Security forces blocked several downtown streets and cordoned off one of the squares in Kazakhstan’s biggest city Almaty on Wednesday (19 January) as an opposition group planned to stage protests, a Reuters correspondent reported from the scene.
The oil-rich Central Asian nation was shaken this month by the worst bout of violence in its post-Soviet history during which at least 225 people were killed, most of them in Almaty.
On Wednesday, a group led by Mukhtar Ablyazov, a former Kazakh banker turned government critic in exile, said it would hold protests outside local government buildings in major cities throughout the country of 19 million.
A Kazakh court has ruled Ablyazov’s political movement, Democratic Choice of Kazakhstan, was extremist.
Police in Almaty said they were carrying out an “anti-terrorist operation”.
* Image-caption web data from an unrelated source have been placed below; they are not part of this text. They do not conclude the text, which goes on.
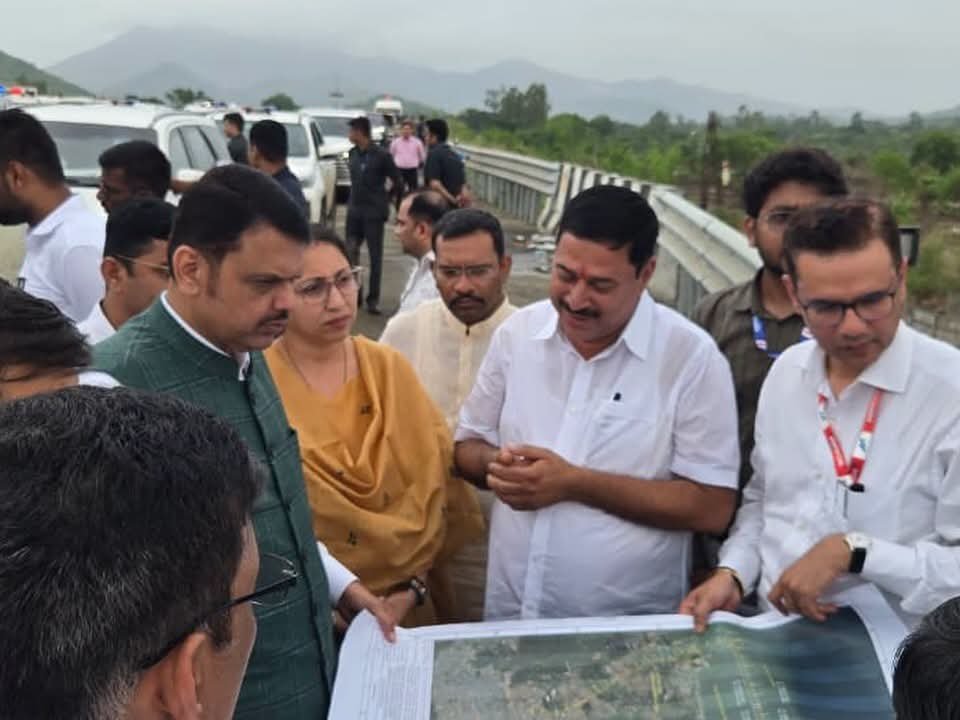 snehadubepandit's tweet photo. 📍 शिरसाड फाटा, विरार पूर्व
🗓️ दिनांक : २८ जून २०२६

“विकासाची गती... समृद्ध महाराष्ट्राची नवी दिशा!” 

आज महाराष्ट्र राज्याचे यशस्वी व लोकप्रिय मुख्यमंत्री मा. श्री. देवेंद्र फडणवीस साहेब यांनी मुंबई–बडोदा एक्सप्रेस वेच्या इंटर जंक्शनची प्रत्यक्ष पाहणी केली. तसेच वसई-विरार, पालघर आणि संपूर्ण मुंबई महानगर प्रदेशाच्या भविष्यासाठी अत्यंत महत्त्वपूर्ण ठरणाऱ्या उत्तन–विरार सी-लिंक प्रकल्पाबाबत सविस्तर आढावा व चर्चा करण्यात आली.

हे दोन्ही महत्त्वाकांक्षी प्रकल्प केवळ रस्ते उभारत नाहीत, तर लाखो नागरिकांच्या स्वप्नांना नवी दिशा देणारे आहेत. वाहतुकीचा वेग, उद्योगांना चालना, रोजगाराच्या संधी, पर्यटनाचा विकास आणि सर्वांगीण प्रगतीचा नवा अध्याय या प्रकल्पांमुळे निश्चितच लिहिला जाणार आहे.

लोकप्रतिनिधी म्हणून या ऐतिहासिक पाहणी दौऱ्यात उपस्थित राहण्याचे भाग्य लाभले, याचा मनस्वी आनंद आणि अभिमान वाटतो. जनतेच्या विकासासाठी कटिबद्ध असलेल्या सक्षम नेतृत्वासोबत काम करण्याची ही संधी माझ्यासाठी प्रेरणादायी आहे.

यावेळी महाराष्ट्र राज्याचे वनमंत्री तथा पालघर जिल्ह्याचे पालकमंत्री मा. श्री. गणेश नाईक साहेब, महाराष्ट्र राज्याचे मत्स्यव्यवसाय व बंदरे मंत्री मा. श्री. नितेश नारायण राणे जी, पालघर लोकसभेचे खासदार डॉ. हेमंत विष्णू सवरा जी, नालासोपारा विधानसभेचे आमदार श्री. राजन नाईक जी, भाजपा पालघर जिल्हाध्यक्ष श्री. भरत रजपूत जी , भाजपा वसई-विरार शहर जिल्हाध्यक्षा तथा नगरसेविका सौ. प्रज्ञा पाटील, संबंधित अधिकारी, नगरसेवक, नगरसेविका व पदाधिकारी उपस्थित होते.

विकासाच्या या प्रवासात प्रत्येक नागरिकाचा विश्वास हेच आमचे बळ आहे. विकसित वसई-विरार, विकसित पालघर आणि विकसित महाराष्ट्र घडविण्यासाठी आपण सर्वजण एकत्रितपणे कार्यरत राहूया.

“वेगवान पायाभूत सुविधा म्हणजे केवळ रस्ते नव्हे, तर प्रत्येक कुटुंबाच्या उज्ज्वल भविष्याकडे जाणारा विश्वासाचा मार्ग आहे.”

#DevendraFadnavis #BJP #विकास #जनसेवा #वसईविरार #महाराष्ट्र #MLA #SnehaDubePandit #vasai  #विकासकामेपाहणीदौरा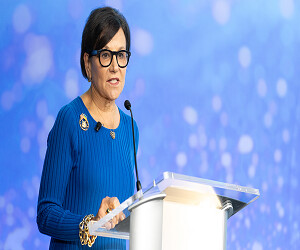 Penny Pritzker - images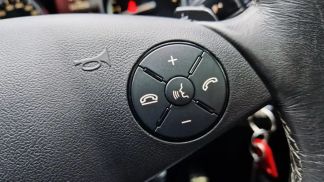 Lízing Hatchback MERCEDES R 350 2011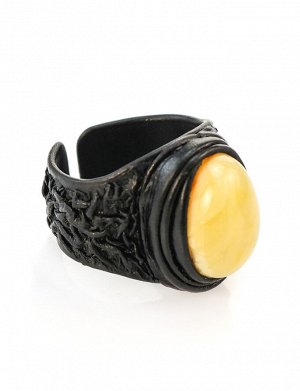 Крупное кольцо-перстень из натуральной кожи с овальной вставкой из медового янтаря «Нефертити», 6082203071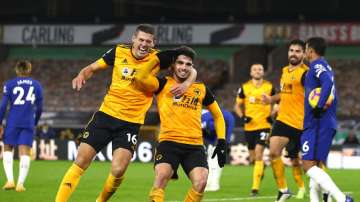 Premier League: Wolves' late goal hurts Chelsea; Manchester City held to draw again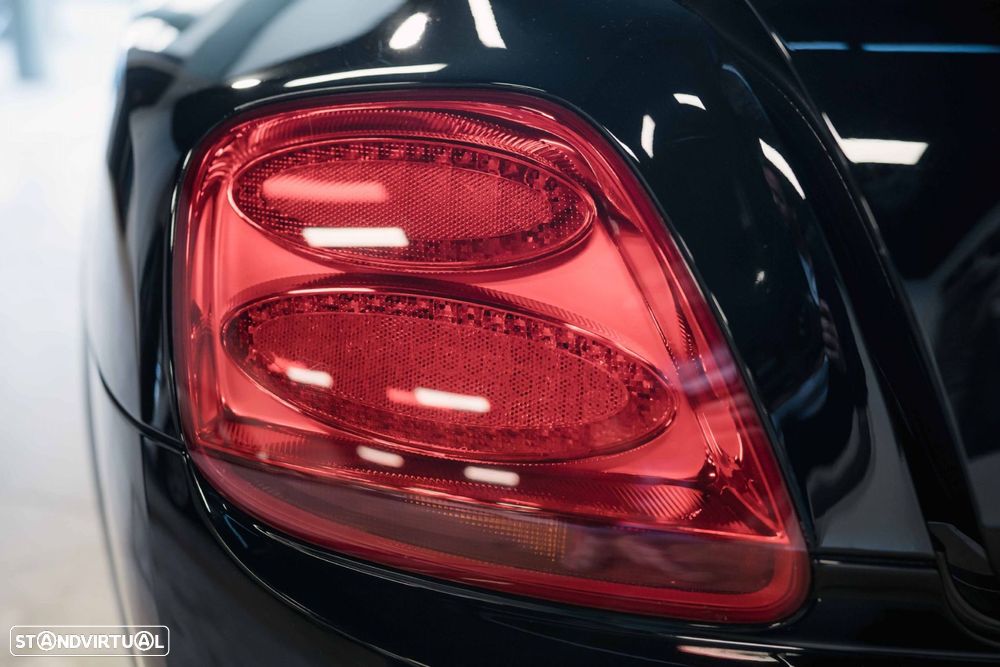 Bentley Continental GT - 15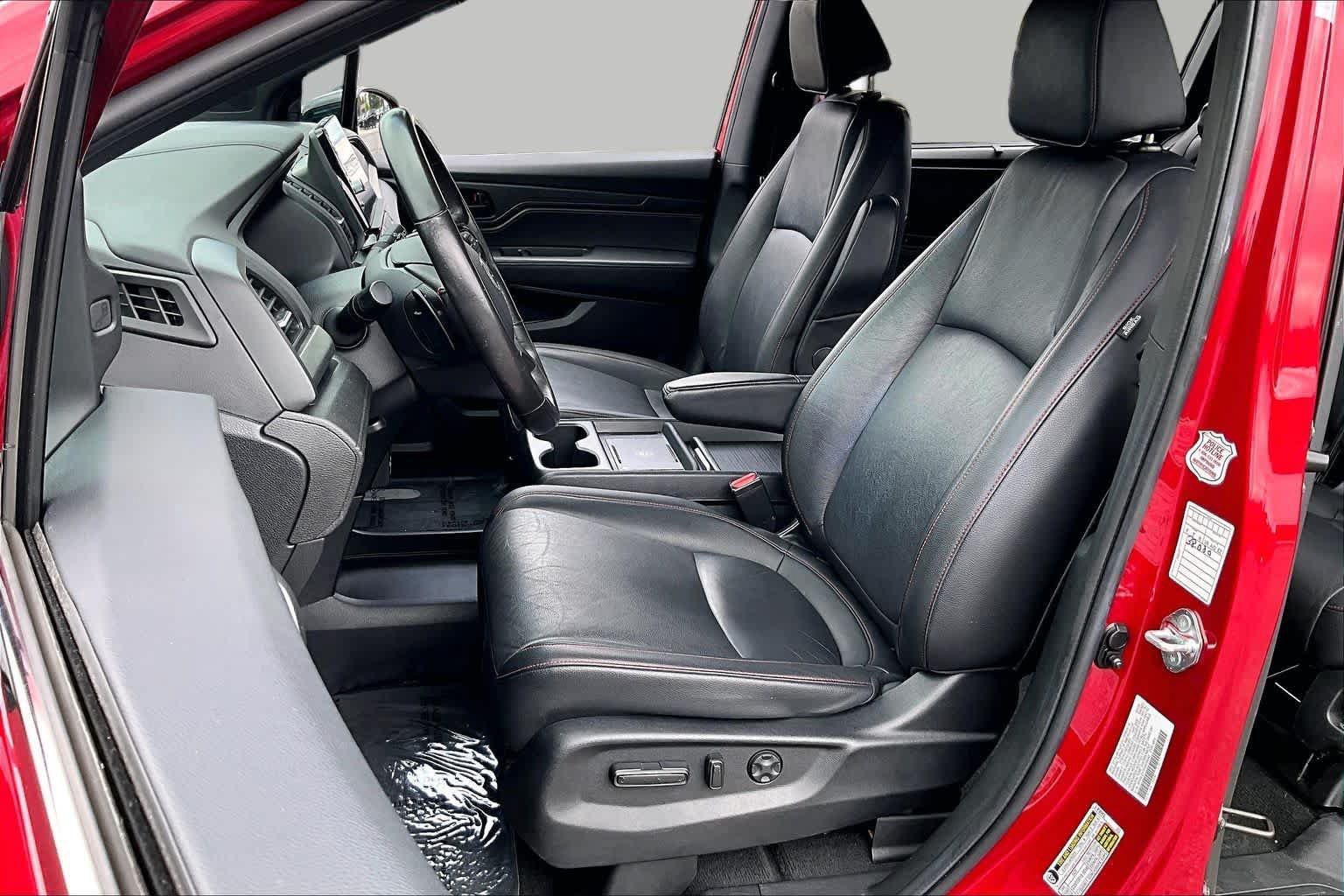 Used 2025 Honda Odyssey Sport-L image 8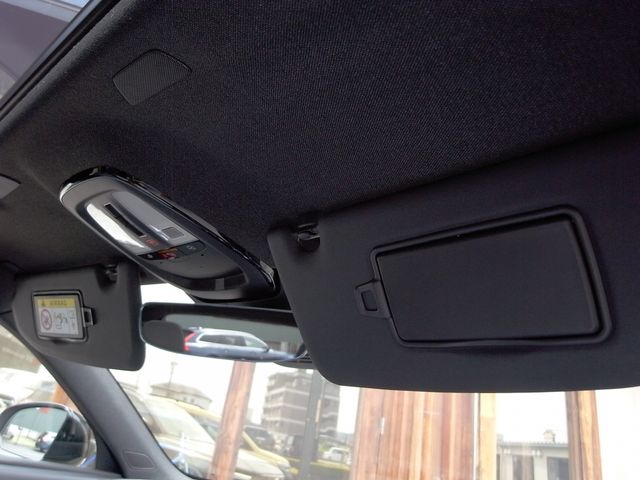 VOLVO EX40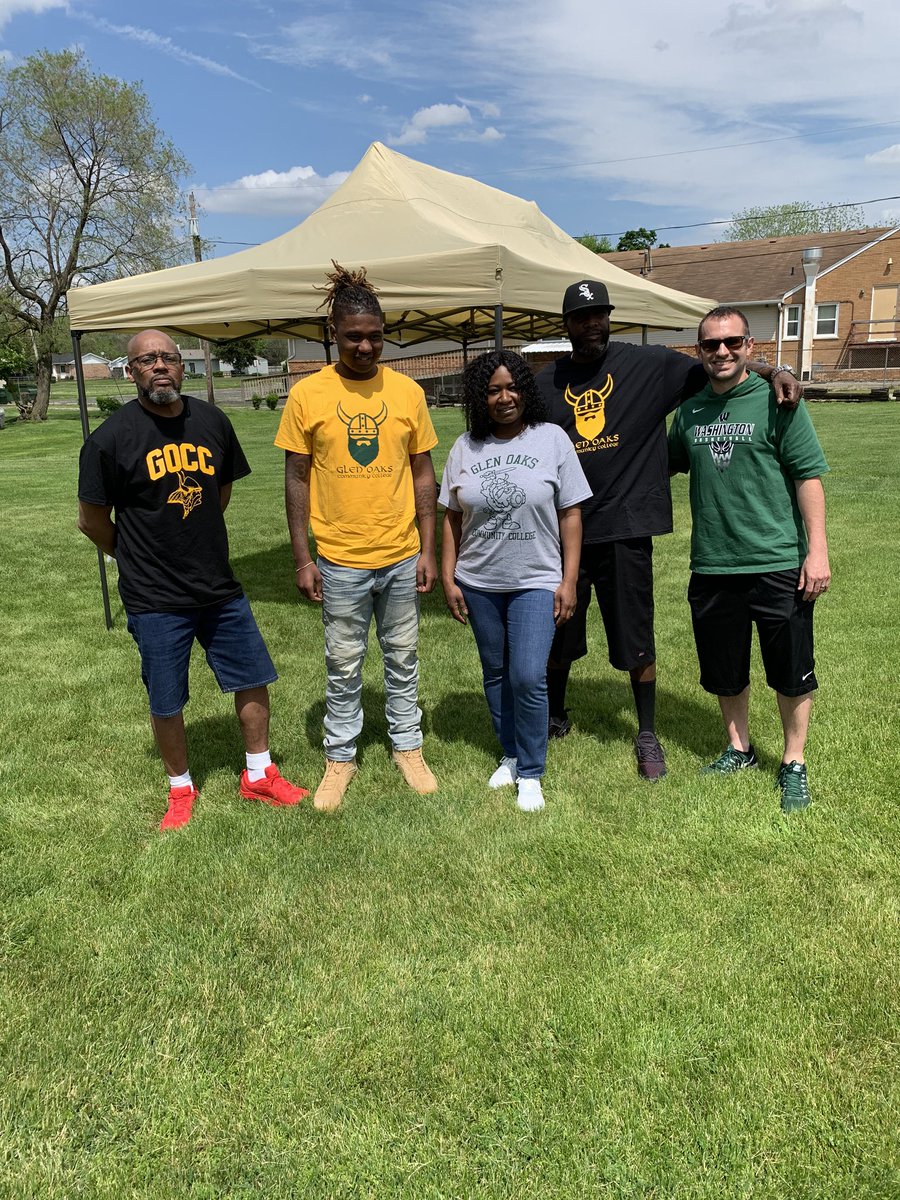 sbwathletics's tweet photo. Congratulations to @Demarcus_574 Headed to Glen Oaks! WHS is proud of you! Ever Onward! @NIC_athletics @WHSCoachVarga @SouthBendCSC @WhsPanthers60 @WHSCoachCramer #PantherPride #everonward https://t.co/JbPw41PiIP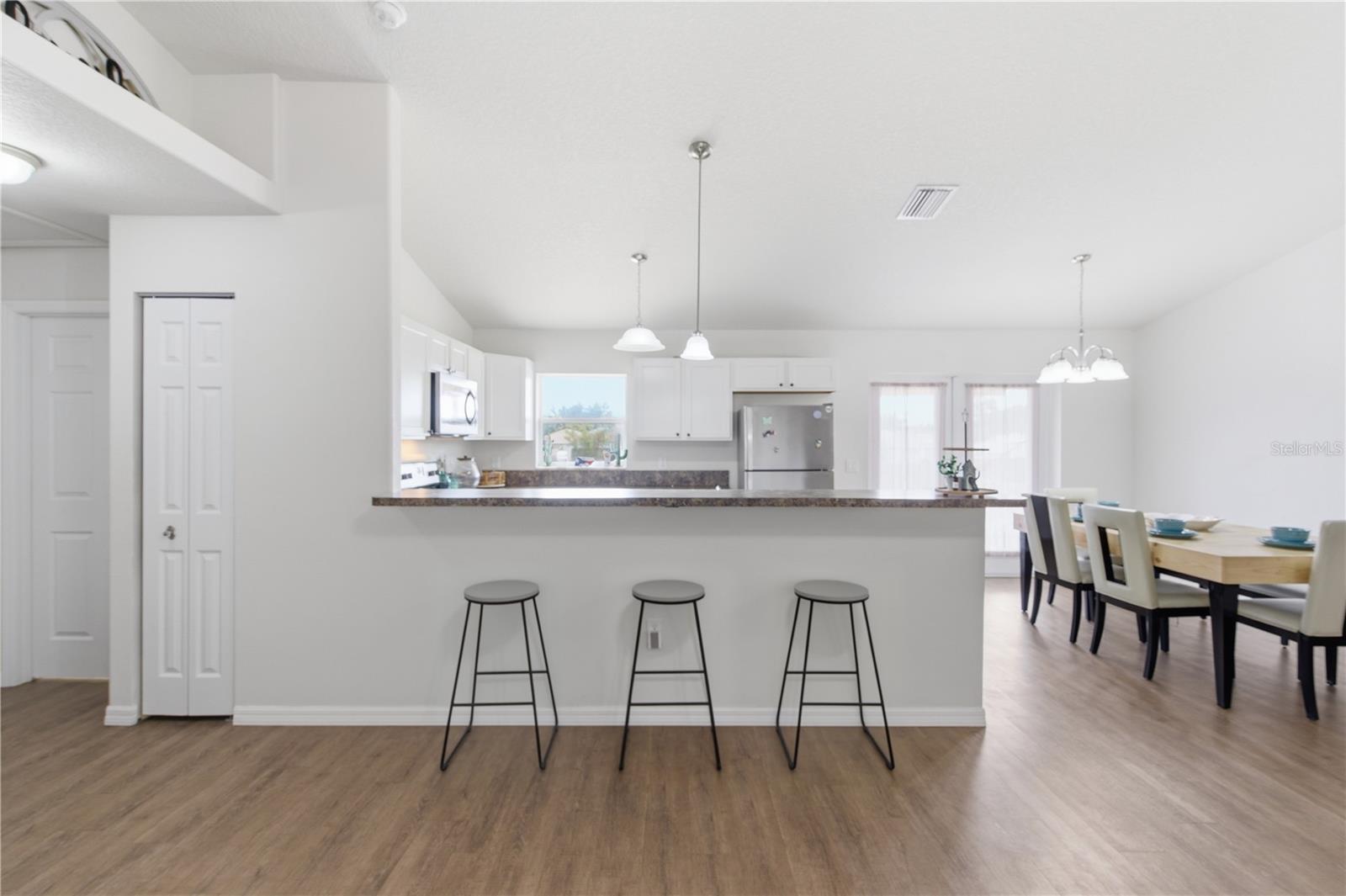 001052 - INVERNESS VILLAGE UNIT 4 - Residential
This is not the first time that Ablyazov tries remotely to spark protests in his country.
For many years, Ablyazov has been accused of embezzling $6 billion from BTA Bank (Bank Turan Alem) in Kazakhstan while serving as its chairman in 2005-2009. As of 2013, BTA was the third-largest lender in the country, but after being the subject of major financial fraud, the bank filed for bankruptcy in 2010 and has since been restructured.
Ablyazov had previously been considered a successful businessman and manager and served as minister of energy in 1998.
For many years, he lived sumptuously in London and is said to have paid millions to opposition NGOs and media to boost his profile. But in 2012, a British judge ordered Ablyazov imprisoned for purportedly lying in court about his financial assets. He then fled Britain and established himself in France.